GROSS: OK, so this is Jeremy Denk from his new album "Ligeti/Beethoven," and here's more from the Ligeti etude "Vertige."

(SOUNDBITE OF SONG, "VERTIGE")

GROSS: That's Jeremy Denk from his new recording of Ligeti etudes and a Beethoven sonata. So how obsessive do you need to be in order to learn a piece like we just heard?

(SOUNDBITE OF LAUGHTER)

DENK: Well, I'll tell you, there was a period, I don't know if it was a fun period or a miserable period, and last - maybe a year and a half ago where I was sitting in my apartment for four weeks. I was brewing two pots of coffee a day, and I was practicing maybe seven hours, you know, with a little break in the middle for a walk or some sort of entertainment.

But I did nothing else and put in - I mean, the amount of fingering, the amount of sort of mental focus, you know, and there's - Ligeti's deliberately written things that are going to screw with your mind in one way or another. And you have to develop new muscles, new kind of mental muscles, 'cause he's really fascinated with, you know, simultaneous different rhythmic groupings going on. So in a way, you have to divide your body and mind in two parts.

GROSS: I'm just trying to think about what the sheet music must look like for this. You know, I'm one of the many people that played piano or got piano lessons in elementary school and junior high and then gave it up and so on. So I have like a child's understanding of, like, sheet music. And you show me something really complicated, like this would look, and I would just have no idea what any of it meant, even though I can read simple music, because it gets so complicated.

I mean, how do you even figure out what the meter - you know, what - how much of a beat each note gets when things are so fast, and there's so many notes crowded into each measure? Does that sound like an incredibly stupid thing to ask? I'm sorry, But I really do have like a child's understanding of all of this.

DENK: It's not a stupid thing to ask and actually because it happened that I was following along with the score when we were editing together the record. And I often had trouble finding myself on the musical score, where I was. So somehow I was able to play it, but I wasn't able to follow the music at the same time, if that makes any sense.

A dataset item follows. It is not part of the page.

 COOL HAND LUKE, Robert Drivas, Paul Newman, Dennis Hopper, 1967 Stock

The scores do tend to look, some of them especially, look a little like undifferentiated, like, streams of data, you know, like you'd imagine a programming code would look. And it takes a little bit of practice to, you know, pick out the important one. It's sort of like reading the matrix or something from - you know, you have to know what he's after.

And then once you kind of discover the principle behind the etude, the musical score will look a little more commonsensical, but it takes a little while, especially, for example, the first one, "Desordre," where he splits the sort of bar line between the left and right hand, it begins to split like there was a seismic shift, and it was like a crack splitting between the two bar lines.

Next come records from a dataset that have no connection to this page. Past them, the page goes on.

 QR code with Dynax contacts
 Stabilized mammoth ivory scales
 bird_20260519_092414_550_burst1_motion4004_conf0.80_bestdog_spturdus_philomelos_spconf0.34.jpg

And then you have to make all sorts of decisions of how you're going to think of the rhythm because Ligeti was obsessed with, like, not really writing in bars or meters but the constantly shifting sense of what the meter is, you know, the pulse. Not the pulse, the pulse is fixed, but the meter is shifting.

GROSS: If you're just joining us, my guest is pianist Jeremy Denk. He has a new recording of music by Ligeti and Beethoven. Let's take a short break here, then we'll talk some more. This is FRESH AIR.

(SOUNDBITE OF MUSIC)

GROSS: If you're just joining us, my guest is pianist Jeremy Denk. He has a new album of music by Ligeti and Beethoven. So, we've heard some of the Ligeti that you play. Let's hear some of the Beethoven. Let me start by asking you why you've grouped these two composers together. What commonality do you find in them?

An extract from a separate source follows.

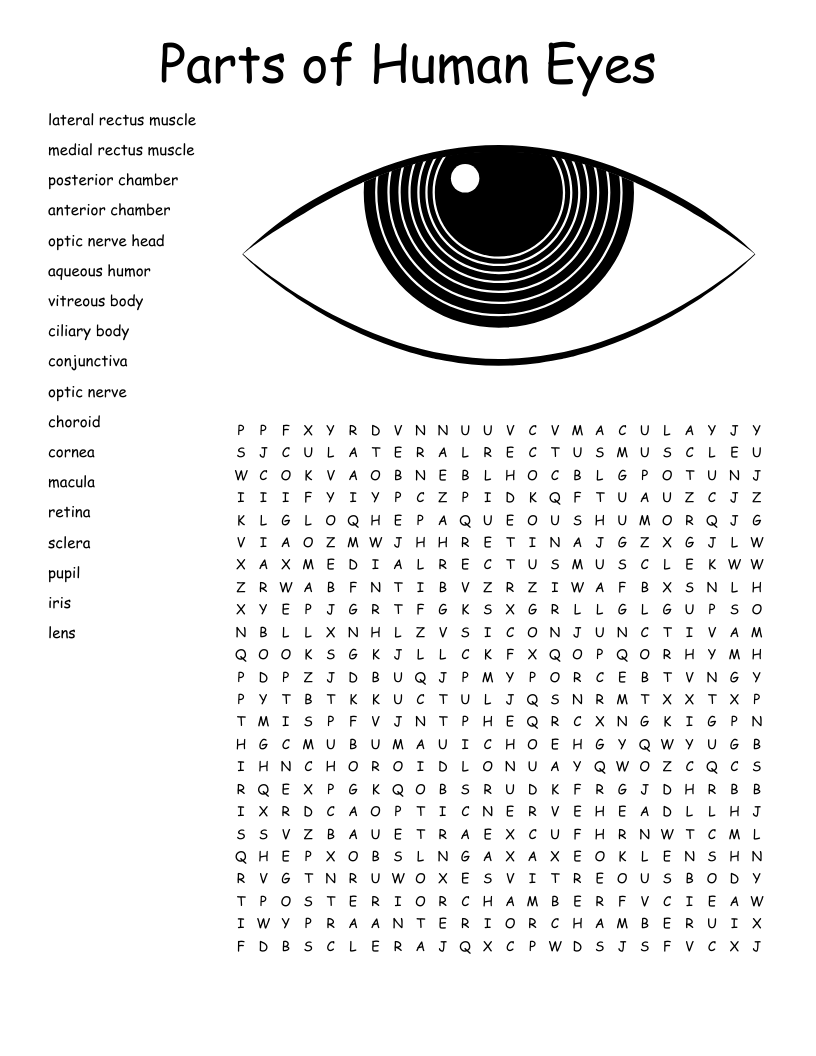 Parts Of Human Eyes Word Search WordMint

DENK: There's a lot of different commonalities. One thing is that late Beethoven was so insane in many ways that those - some elements of the last pieces, the whole 19th century couldn't really deal with. And I think only in the mid-20th century do people begin to sort of take up the weird mania of late Beethoven and use it for further explorations.

And I think in some ways the Ligeti etudes can sound like sequels to some of the weirdest moments in late Beethoven, and Ligeti is really obsessed, as I said, with like chaos theory and fractals and these things that are infinitely complex. And almost every one of the etudes is kind of like a little visit to infinity of one kind or another.

And the last Beethoven sonata seems to me one of the most profound sort of musical journeys to infinity ever made. The whole piece seems to want to bring us from sort of a present moment into this timeless space where everything is continuous and endless. So that's kind of the connection between Beethoven's sort of vast infinity and Ligeti's bite-sized bits of infinity.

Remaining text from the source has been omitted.